Global economic rebound yet to show as manufacturing weakens

[WASHINGTON] The global economic rebound expected to happen this quarter is staying out of reach for now outside of the US.

After policy makers around the world were quick to shrug off weakness at the start of the year as a temporary phenomenon, their economies are keeping them in suspense, with purchasing managers indexes from Japan to the euro area hinting on Wednesday at a more protracted slowdown. Add risks including trade tensions due to US tariffs, controversy over Iran policies and Italy's struggles to form a government to the recipe of reasons for caution.

The upside is the US showed signs of robustness. Its manufacturing index rose to 56.6 in May from 56.5, IHS Markit reported. A gauge of services rose to 55.7 from 54.6

All these elements will play into the thinking among monetary-policy officials as they look to unwind crisis measures. At the European Central Bank, news of less optimistic businesses and weaker growth in new orders, hiring and backlogs of work may delay a decision to scale back unprecedented support until officials can better assess economic health. In Japan, dwindling manufacturing momentum underpins the central bank's commitment to add stimulus.

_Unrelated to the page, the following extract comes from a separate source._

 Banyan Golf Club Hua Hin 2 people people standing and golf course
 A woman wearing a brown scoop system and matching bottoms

Also on Wednesday, the Federal Reserve publishes the minutes of its latest policy meeting, which will provide clues on how many more interest rate hikes are likely this year.

The Markit report attributed the latest weakness to the number of public holidays, after bad weather, strikes and a flu epidemic weighed at the start of the year. But the continued disappointing readings - along with headwinds such as higher oil prices - raise questions.

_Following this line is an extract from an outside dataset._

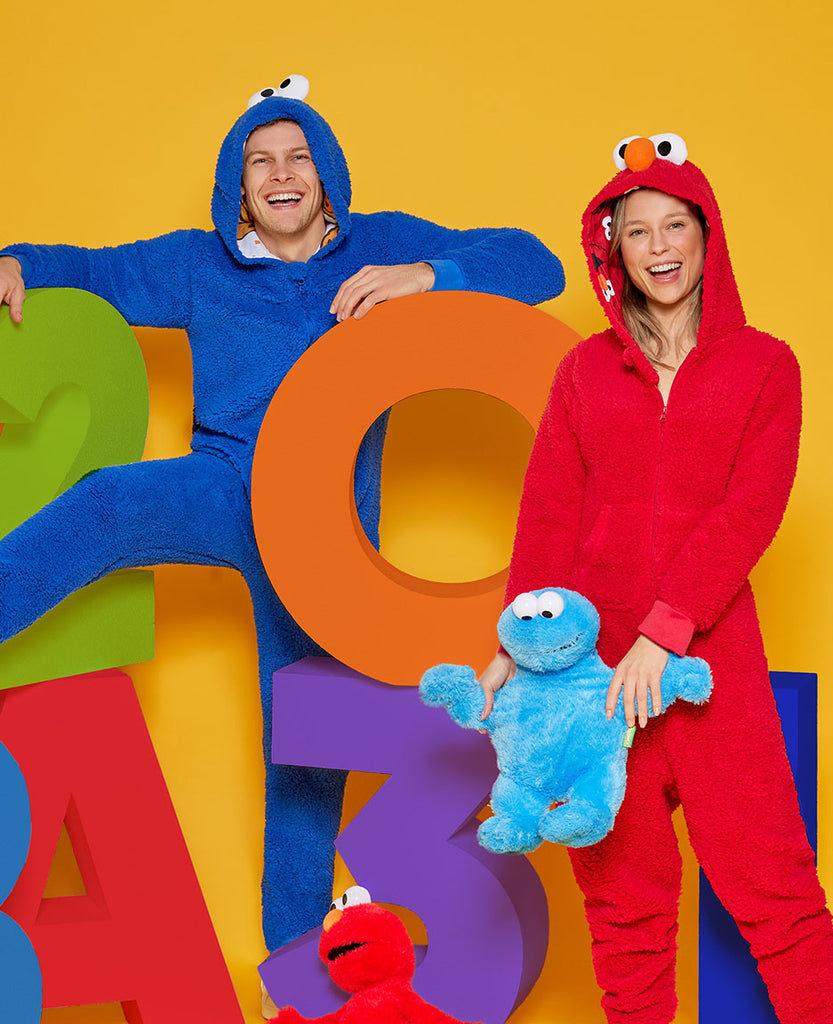 Mann trägt Krümelmonster-Onesie und Frau trägt Elmo-Onesie.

The figures "challenge the view that the economy is experiencing only a temporary soft spot," said Anders Svendsen, an economist at Nordea Markets in Copenhagen. "The June meeting will come too early, and the ECB will wait until the July meeting before making the next important decisions on the future of its monetary policy."

The weakness is less apparent in the US, which has been attributed in part to the boost from Donald Trump's tax cuts. UBS Chairman Axel Weber, a former ECB policy maker, said Tuesday that this will help "drive the economy forward."

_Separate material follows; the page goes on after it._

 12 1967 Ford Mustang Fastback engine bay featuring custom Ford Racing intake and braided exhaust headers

"We know we're late cycle, Europe's rolling over, the UK is rolling over, the US is doing fine because it's got a fiscal shot in the arm and that's a big part of the difference," Michael Metcalfe, head of macro strategy at State Street Global Markets, said on Bloomberg Television.

So far in Europe, policy makers are putting a brave face on the slowdown, saying there's no sign of a durable softening in demand.

They are, however, paying close attention to the stock of orders at companies for any early warning signs. Data so far suggest that order growth is slowing because of constraints in equipment and personnel rather than sluggish demand - a development that could be welcomed at the ECB as it might prompt companies to boost investments and raise prices.

"The economy is not the problem," ECB Governing Council member Jozef Makuch said at a conference in Bratislava, pointing to political concerns over Italy and the US. "Global risks are present and this is the biggest challenge we're facing."